Friday, April 8, 2011

SNIPPET # 18

The latest sample from the "Design Methods" chapter of Alice Through the Proscenium:

Criticism   Evaluation is part of the design process.  Just don’t start too early. 
It’s important to work through your ideas in a light-hearted, trusting way.  Only at intervals do you step back to see if the thing actually works.  In fact, recent brain science (brutally simplified here) suggests that it’s the frontal lobe that does the inventing and the temporal lobes that do the editing and that our brain plumbing only allows necessary chemicals to be sent to one area at a time… So you can actually, physically, suck the juice out of your creativity!

Still.  You gotta compare and evaluate.

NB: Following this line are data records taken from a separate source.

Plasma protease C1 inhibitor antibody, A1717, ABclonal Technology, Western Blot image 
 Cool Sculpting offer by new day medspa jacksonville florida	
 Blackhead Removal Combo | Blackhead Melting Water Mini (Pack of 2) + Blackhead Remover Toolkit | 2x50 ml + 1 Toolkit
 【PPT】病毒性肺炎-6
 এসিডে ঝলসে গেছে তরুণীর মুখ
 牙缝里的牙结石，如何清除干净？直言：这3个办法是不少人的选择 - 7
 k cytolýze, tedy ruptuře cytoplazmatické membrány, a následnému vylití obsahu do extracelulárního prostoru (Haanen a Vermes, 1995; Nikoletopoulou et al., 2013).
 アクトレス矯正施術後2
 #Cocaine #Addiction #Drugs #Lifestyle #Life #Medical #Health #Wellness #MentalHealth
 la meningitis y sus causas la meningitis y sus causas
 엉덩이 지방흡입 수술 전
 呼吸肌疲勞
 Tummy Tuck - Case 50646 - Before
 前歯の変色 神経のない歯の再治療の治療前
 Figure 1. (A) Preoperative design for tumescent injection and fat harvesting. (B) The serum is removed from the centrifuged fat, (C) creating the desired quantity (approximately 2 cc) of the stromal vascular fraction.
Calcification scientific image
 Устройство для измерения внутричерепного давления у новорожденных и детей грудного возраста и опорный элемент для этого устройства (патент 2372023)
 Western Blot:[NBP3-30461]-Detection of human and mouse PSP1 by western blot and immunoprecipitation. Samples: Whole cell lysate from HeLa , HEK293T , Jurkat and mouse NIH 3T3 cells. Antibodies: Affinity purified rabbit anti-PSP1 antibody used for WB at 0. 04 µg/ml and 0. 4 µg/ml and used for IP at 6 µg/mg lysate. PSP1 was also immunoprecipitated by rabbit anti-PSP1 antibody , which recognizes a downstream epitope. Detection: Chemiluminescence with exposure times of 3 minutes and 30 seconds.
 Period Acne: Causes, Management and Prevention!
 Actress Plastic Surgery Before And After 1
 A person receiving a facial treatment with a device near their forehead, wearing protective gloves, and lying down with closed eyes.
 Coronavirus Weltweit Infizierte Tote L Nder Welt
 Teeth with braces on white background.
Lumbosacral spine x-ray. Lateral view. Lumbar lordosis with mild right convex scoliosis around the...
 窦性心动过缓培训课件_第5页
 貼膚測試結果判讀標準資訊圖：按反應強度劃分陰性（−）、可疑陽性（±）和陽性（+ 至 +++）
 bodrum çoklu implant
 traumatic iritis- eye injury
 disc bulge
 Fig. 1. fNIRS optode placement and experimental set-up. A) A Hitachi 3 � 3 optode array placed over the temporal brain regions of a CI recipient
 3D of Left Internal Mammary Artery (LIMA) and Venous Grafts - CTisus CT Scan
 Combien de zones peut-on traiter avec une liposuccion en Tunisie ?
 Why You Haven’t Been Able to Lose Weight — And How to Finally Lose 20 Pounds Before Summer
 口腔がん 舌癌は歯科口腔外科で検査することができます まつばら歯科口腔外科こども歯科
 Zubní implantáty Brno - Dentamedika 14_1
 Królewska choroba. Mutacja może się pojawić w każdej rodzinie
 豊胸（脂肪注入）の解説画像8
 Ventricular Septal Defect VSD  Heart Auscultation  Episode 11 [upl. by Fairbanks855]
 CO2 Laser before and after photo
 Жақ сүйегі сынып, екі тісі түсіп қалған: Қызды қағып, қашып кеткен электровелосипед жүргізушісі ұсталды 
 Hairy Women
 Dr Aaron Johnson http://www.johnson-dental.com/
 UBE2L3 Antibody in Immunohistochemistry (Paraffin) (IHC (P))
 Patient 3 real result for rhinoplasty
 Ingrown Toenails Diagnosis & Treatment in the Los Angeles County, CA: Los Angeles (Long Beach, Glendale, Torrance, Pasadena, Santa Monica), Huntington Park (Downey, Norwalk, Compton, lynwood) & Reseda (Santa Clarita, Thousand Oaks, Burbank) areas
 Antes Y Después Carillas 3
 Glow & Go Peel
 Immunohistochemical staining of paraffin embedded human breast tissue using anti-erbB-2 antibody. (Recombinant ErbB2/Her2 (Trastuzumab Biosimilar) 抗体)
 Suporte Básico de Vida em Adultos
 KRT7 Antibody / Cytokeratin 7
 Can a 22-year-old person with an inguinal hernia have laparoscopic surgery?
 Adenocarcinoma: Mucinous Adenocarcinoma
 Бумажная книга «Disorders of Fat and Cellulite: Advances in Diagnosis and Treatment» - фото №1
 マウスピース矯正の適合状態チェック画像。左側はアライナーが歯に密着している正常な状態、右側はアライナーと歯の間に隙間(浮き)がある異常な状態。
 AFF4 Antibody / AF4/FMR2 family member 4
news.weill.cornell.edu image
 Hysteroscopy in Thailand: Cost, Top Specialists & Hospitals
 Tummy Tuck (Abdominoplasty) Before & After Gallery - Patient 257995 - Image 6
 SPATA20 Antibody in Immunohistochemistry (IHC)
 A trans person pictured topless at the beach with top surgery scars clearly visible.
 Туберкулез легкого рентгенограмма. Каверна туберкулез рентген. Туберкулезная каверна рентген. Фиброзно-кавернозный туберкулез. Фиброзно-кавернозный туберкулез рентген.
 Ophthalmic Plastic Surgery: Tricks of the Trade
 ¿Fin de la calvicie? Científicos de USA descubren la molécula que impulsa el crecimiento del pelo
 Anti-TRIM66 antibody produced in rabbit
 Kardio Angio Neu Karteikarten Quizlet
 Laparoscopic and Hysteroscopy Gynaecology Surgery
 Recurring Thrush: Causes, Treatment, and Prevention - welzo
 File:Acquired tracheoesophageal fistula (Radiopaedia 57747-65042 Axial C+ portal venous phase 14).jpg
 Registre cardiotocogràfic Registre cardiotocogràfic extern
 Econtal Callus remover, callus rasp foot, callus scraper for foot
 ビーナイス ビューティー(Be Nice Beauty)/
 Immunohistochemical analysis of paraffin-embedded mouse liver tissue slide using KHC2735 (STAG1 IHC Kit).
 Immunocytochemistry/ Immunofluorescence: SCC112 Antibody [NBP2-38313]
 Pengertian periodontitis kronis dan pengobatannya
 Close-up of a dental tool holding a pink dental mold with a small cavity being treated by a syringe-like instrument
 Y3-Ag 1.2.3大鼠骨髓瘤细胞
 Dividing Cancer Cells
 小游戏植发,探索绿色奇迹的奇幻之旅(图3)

Develop impartial judgment.  You can’t love your work just because it’s your baby: tough love is what it needs.  But none of that it’s-mine-so-it-must-be-awful insecurity either.  Pretend a stranger came up with this stuff.  Only in real doubt, do you ask for outside opinions. 

You may want one before show-N-tell with the director. 

Whose opinion should you listen to?  Find someone you respect who can be somewhat impartial (Mom?  Maybe.).  Someone competent to give an opinion on visual matters.  This does not mean an MFA in scenography, just good eyes and good sense.  But many intelligent people cannot read drawings or understand 3D relationships.  (Half of them seem to be directors.)  Find someone who’ll tell you the blunt truth… then don’t hate them.  If, however, what you really want is loving reassurance, say so.  It’s simpler.  And that’s a legitimate need too.

Want to take criticism better?  Grow a thicker skin.  Evaluate the evaluation to find the kernel of truth.  Remember that opinions from mother, director, or critic are just opinions: right, wrong, half right.  If one person says, “too blue,” don’t be surprised if the next says, “not blue enough.”  This stuff is subjective.  But there is some truth in that old joke: if three people tell you you’re drunk – go lie down.

Want to be a better critic?  The vital parts of good criticism are: intelligence, perception, and an ability to evaluate a design against its own goals, not your prejudices.  Equally important are emotional skills to make a critique palatable: helpfulness, respect, tact.  One writer (who?) advised starting a story critique by saying, “That part with the dog…”  If the advice-seeker answered, “I love the bit with the dog!  I wrote the whole thing for the bit with the dog.”  Then (who was it?) knew what was actually wanted was reassurance.  And supplied that.  But if the answer was, “Yeah, not too sure about that dog…”  Then she (or he) gave actual criticism.  Say what evil needs saying, but add the good stuff too - what is working - and sound hopeful about the outcome!

In theater design you are contractually required to please the director and producers.  You’d sure like to please the audience and the critics.  Pleasing yourself is hardest.  The test?  Ask yourself, “Does this design serve the play?”

Make today’s design the best you have in you today.  As Scarlett O’Hara said, “tomorrow is another day.”  Every new design is a new chance to get it right. 4.21


4.21 The converse is, alas, also true: every new design is a new chance to fall on your face. Still, you can get a useful view from the floor.